William Charvat, in his individual scholarship, was a pioneer in his approach toward the analysis and interpretation of American literary culture. Today, most scholars take for granted that the study of the book trade is a necessary prerequisite to our understanding of the influence that the business of writing had not only on literary production, but on the shape of an artist’s aesthetic vision. Yet Charvat’s Literary Publishing in America, 1790-1850 (University of Pennsylvania Press, 1959) and The Profession of Authorship in America, 1800-1870 (published posthumously by Ohio State University Press, 1968) were groundbreaking works in the study of American book history. Their respective reissues by the University of Massachusetts Press in 1993 and Columbia University in 1992 attest to the enduring value of William Charvat’s contribution to American literary scholarship.

Charvat’s bibliographic prescience was equally impressive. It was under his guidance that the American fiction collection at OSUL became the great research collection that it is today. Established in the late 1950s, the collection was officially named the William Charvat Collection of American Fiction upon Charvat’s death in 1966. Charvat recognized early on the importance of a broad-based approach to the study of American literature, and that in addition to having the works of major canonical writers always at hand, scholars needed access to those lesser lights better known for their local-color fiction, popular genre writing, and treatment of disreputable, if not repugnant, subjects within the realm of fiction. Charvat believed that a comprehensive library collection of a particular area within a national literature, if not an entire national literature itself, was an indispensable resource for the scholarly community. At Charvat’s urging the Rare Books and Manuscripts Library concentrated its collection efforts on amassing American fiction following the criteria of Lyle Wright’s three-volume A Contribution to American Fiction, 1789-1900, criteria for selection that have remained constant for close to five decades: first American printings of adult fiction by United States authors.

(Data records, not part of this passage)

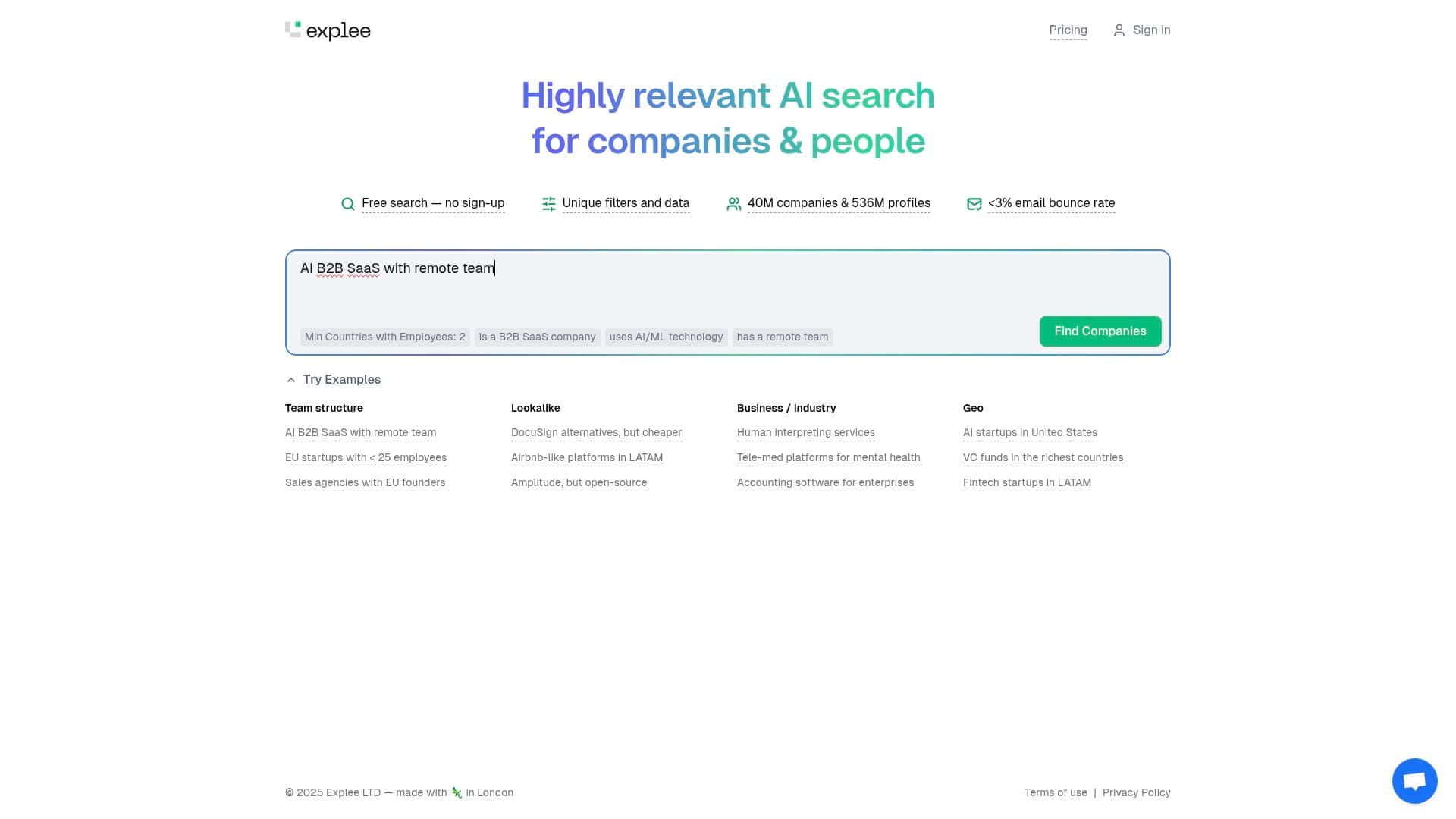 Explee Review – Discover the Power of Semantic Search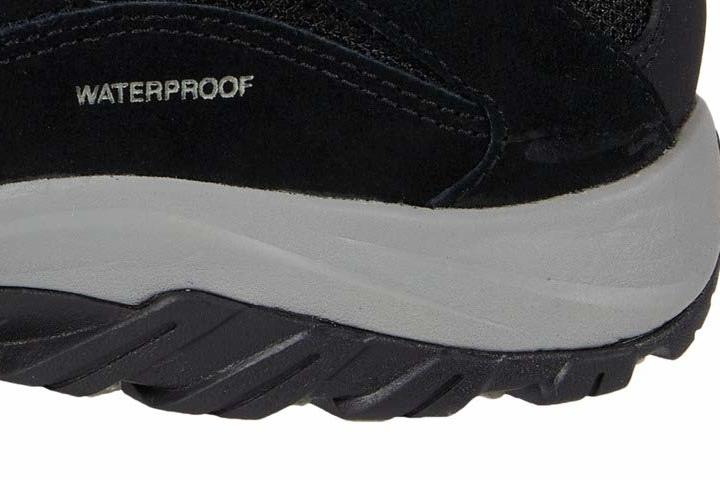 Prefer a hiking shoe that provides excellent grip and stability midsole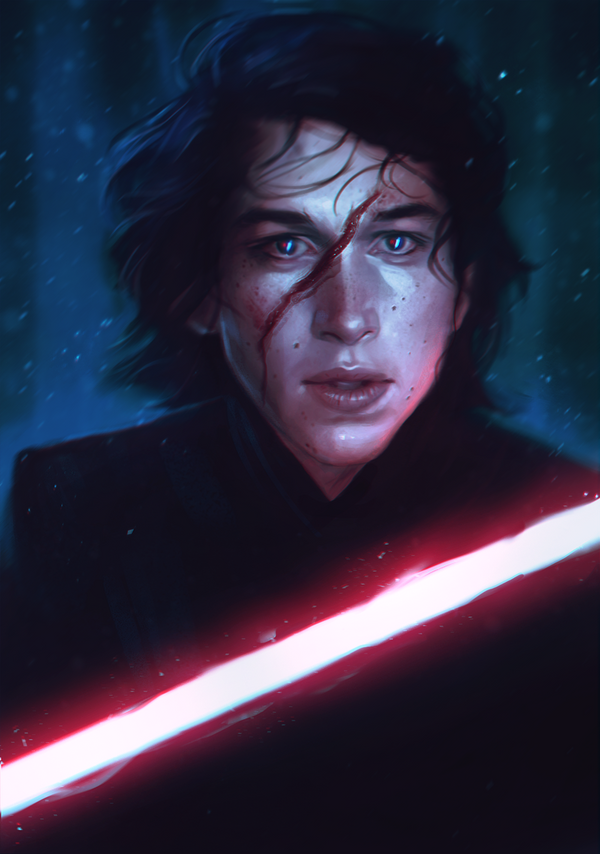 Critique Star Wars Episode VIII (SANS SPOILERS)  Kylo_ren_by_withoutafuss-d9pjdsa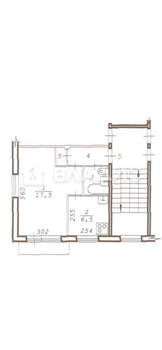 1-к квартира, вторичка, 31м2, 2/5 этаж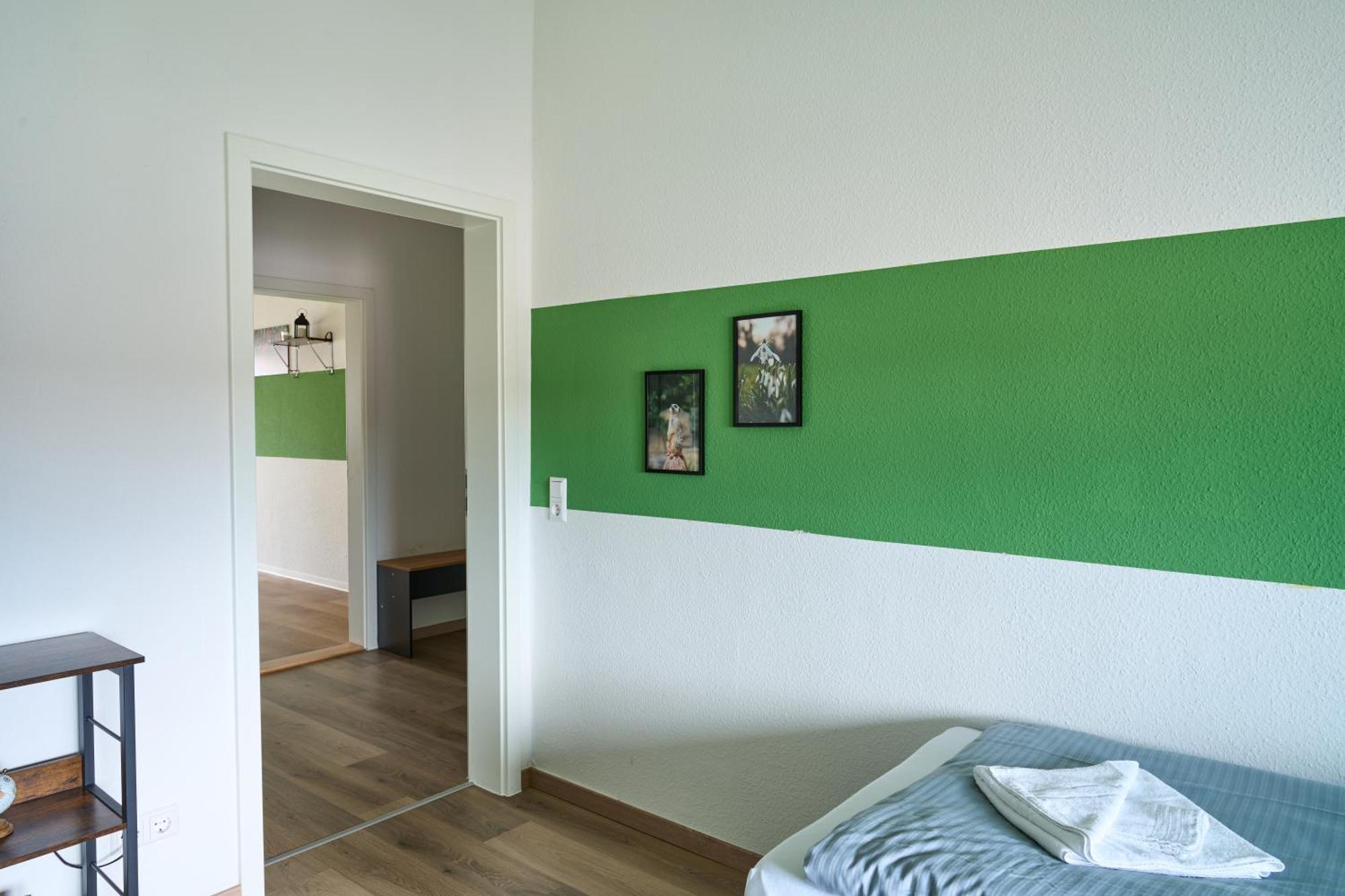 Sali-Homes Boarding Haus Monteur-Wohnungen Balkon Vollkueche Autobahnaehe Markranstädt Exteriér fotografie
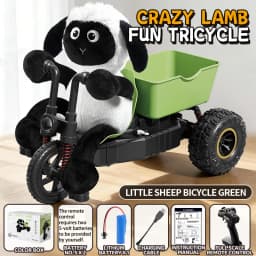 Rc Lamb Tricycle Drift Stunt Car High Speed Remote Control Toy Gift for Boys Birthday Present New Model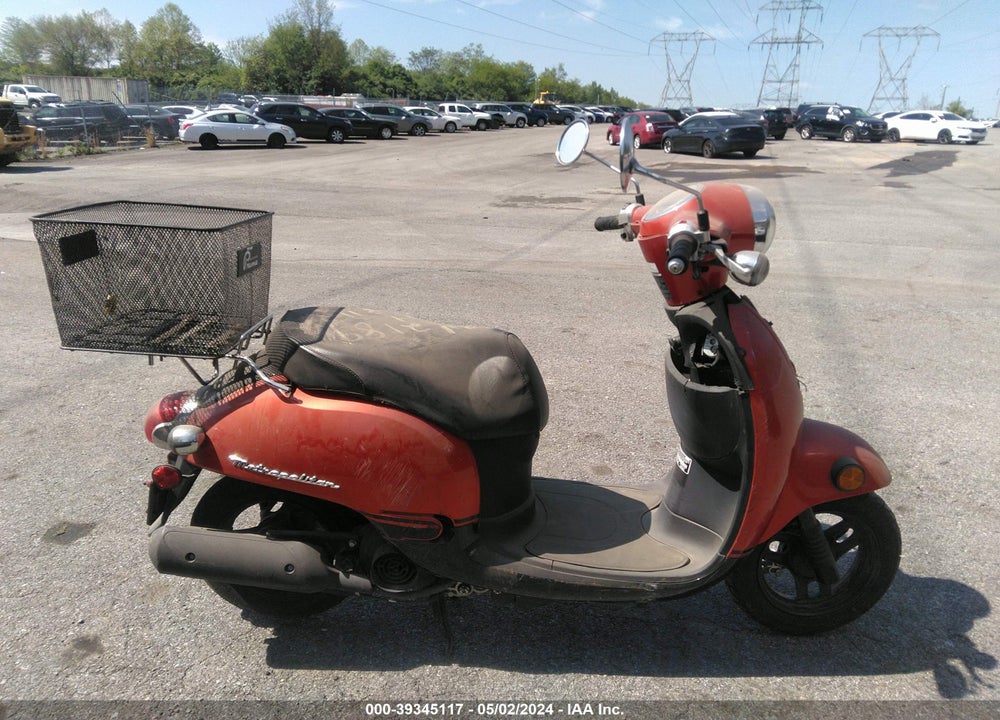 2014 HONDA NCH50 VIN: LALAF7013E3100090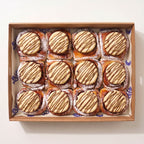 Nutella cinnamon scroll box — Christchurch cinnamon roll catering, Blue Moon Bakehouse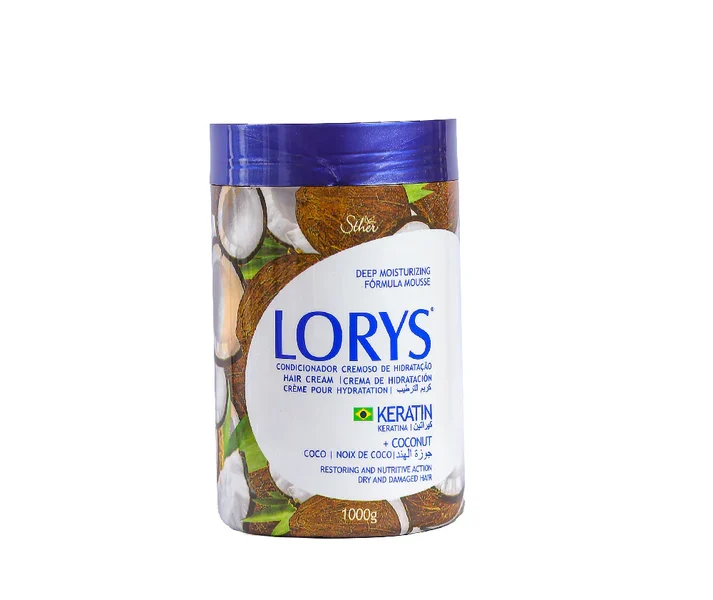 Lorys Coconut Hair Cream - 1000g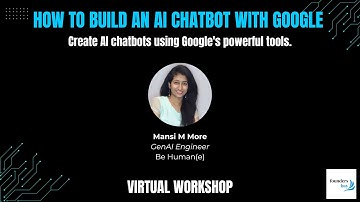 How to Build an AI Chatbot with Google in 10 Minutes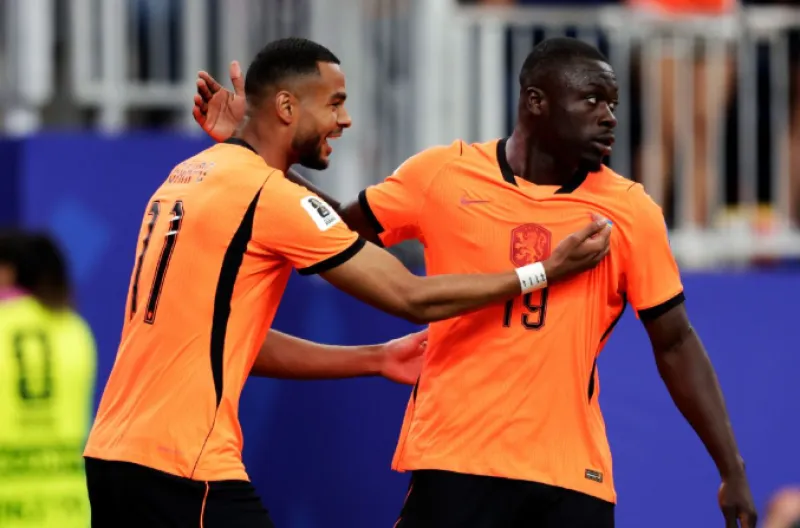 Image	Belanda Pesta Gol atas Swedia, Gakpo dan Brobbey Bintang Kemenangan Oranje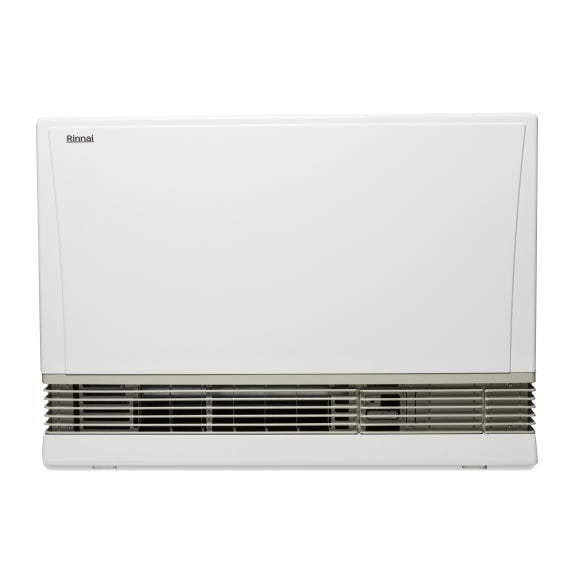 RINNAI E-SAVER 37MJ LPG GAS HEATER WHITE - FLUED 670
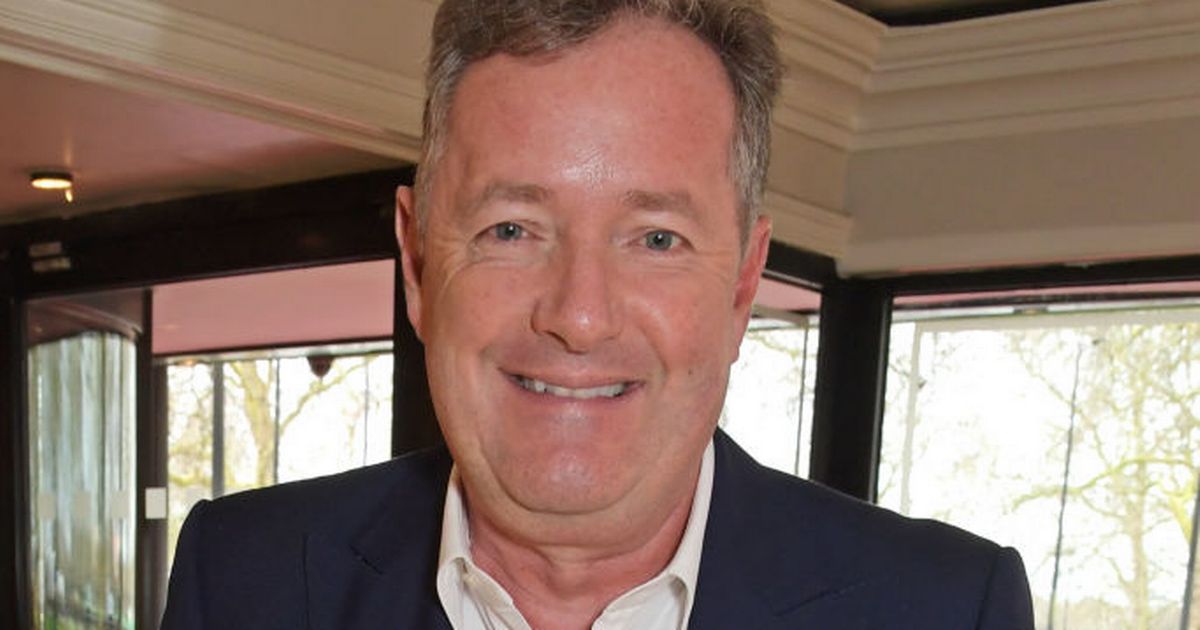Piers Morgan on crutches after tearing a tendon on second day of his holiday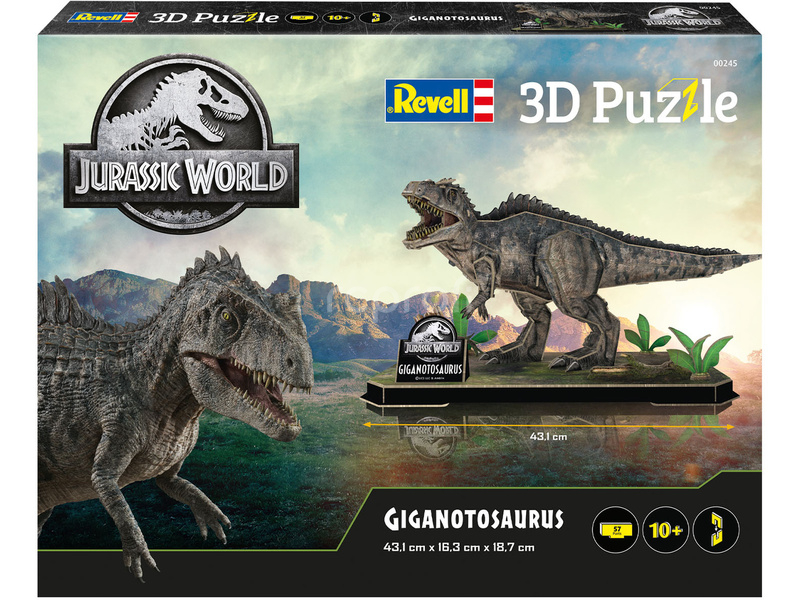 Revell 3D Puzzle - Jurassic World - Gigantosaurus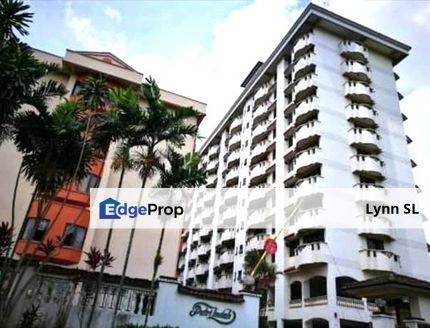 Spacious Condominium at Putri Indah Condo, Stulang Darat Johor Bahru Town, For Rent - Well Maintained, Johor, Johor Bahru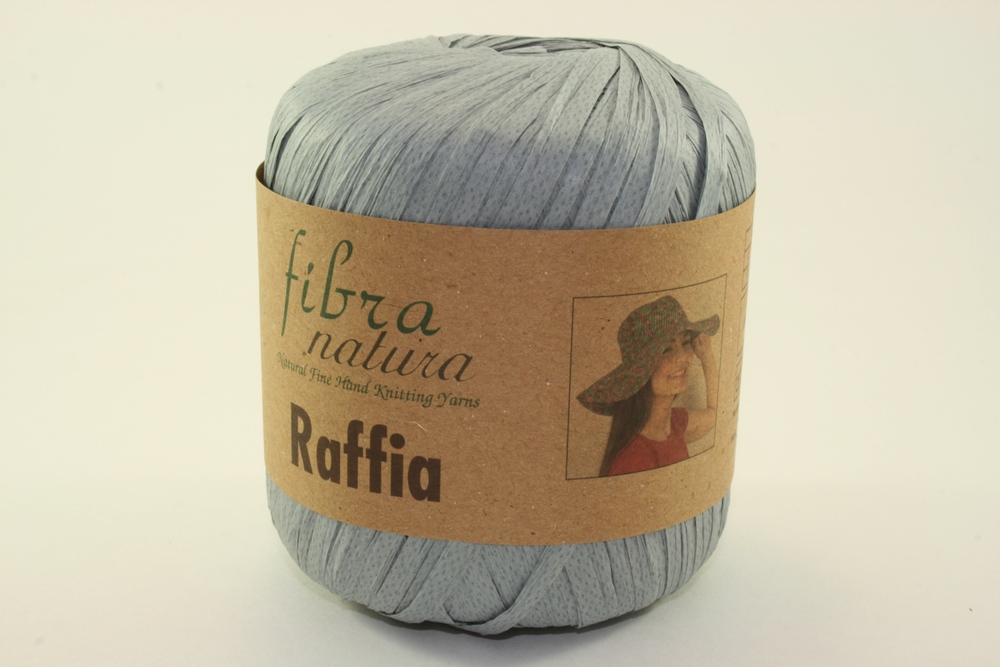 Пряжа Fibra natura RAFFIA (Цвет: 116-11 серебро)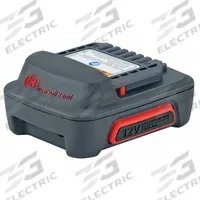 INGERSOLL RAND Battery: IQV12™, 2 Ah, Battery Included, 12V DC (MPN BL1203). Key specifications — attr1278107: Not Oil-Resistant.
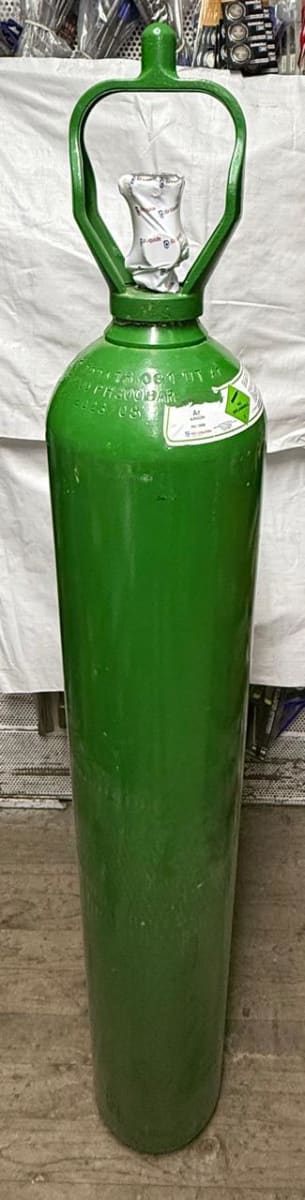 Tubo Acero Gas Argon 10m31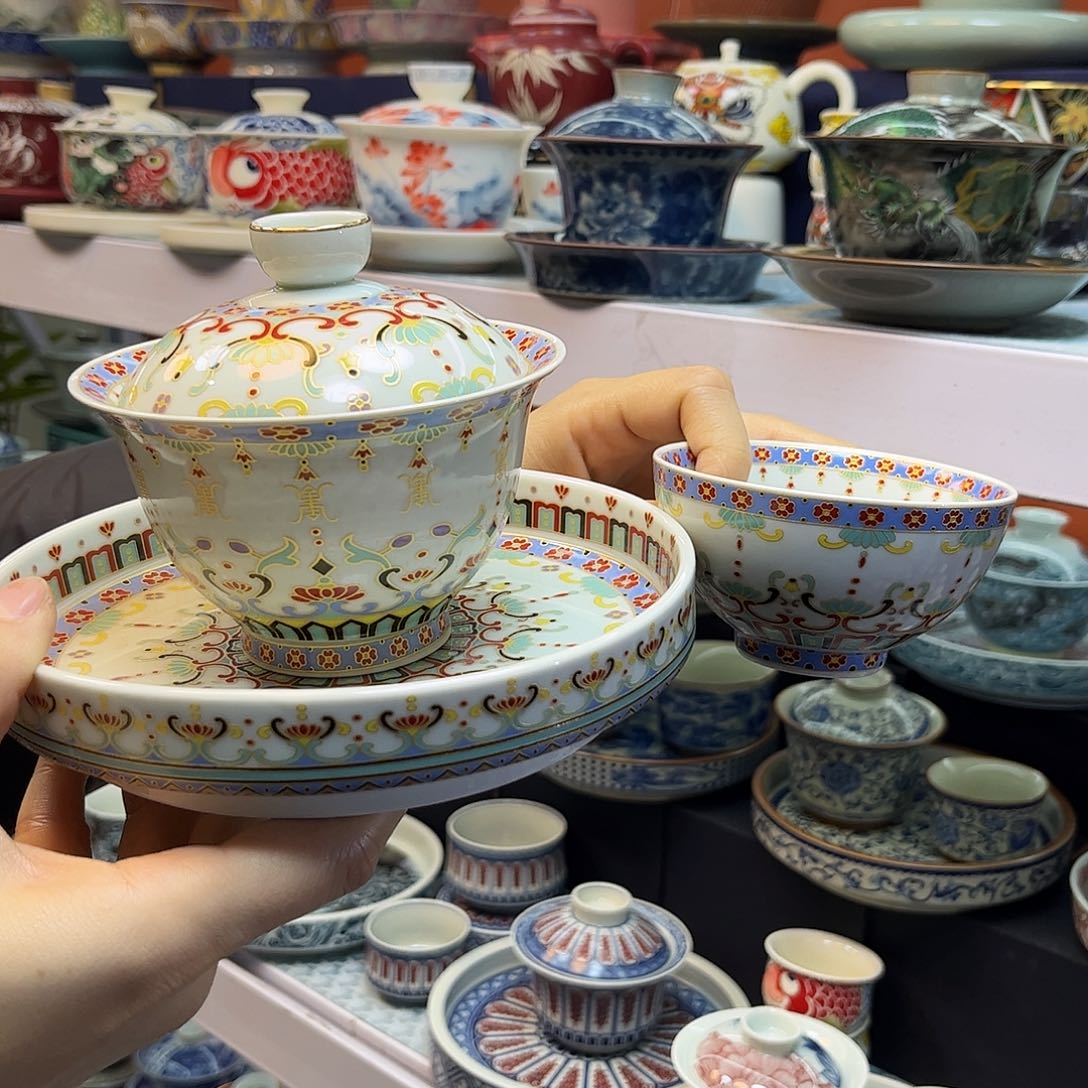 盖碗盖碗健健康康快快乐乐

Howard Mumford Jones, another giant in American literary scholarship from an earlier generation, summarized well William Charvat’s academic standing in his Scholarship, Novelty, and Teaching:  An Address in Memory of the Late William Charvat (The Ohio State University Press for the Department of English;, Ohio State University, [1968]):  “The best contribution of the scholar to education is to enrich scholarship, to continue it, to make it available to all those competent and ready to accept the philosophy that scholarship implies.  Such seems to me still the proper goal and appropriate contribution of the scholars to this or any other time.  If I understand him correctly, this also William Charvat believed.”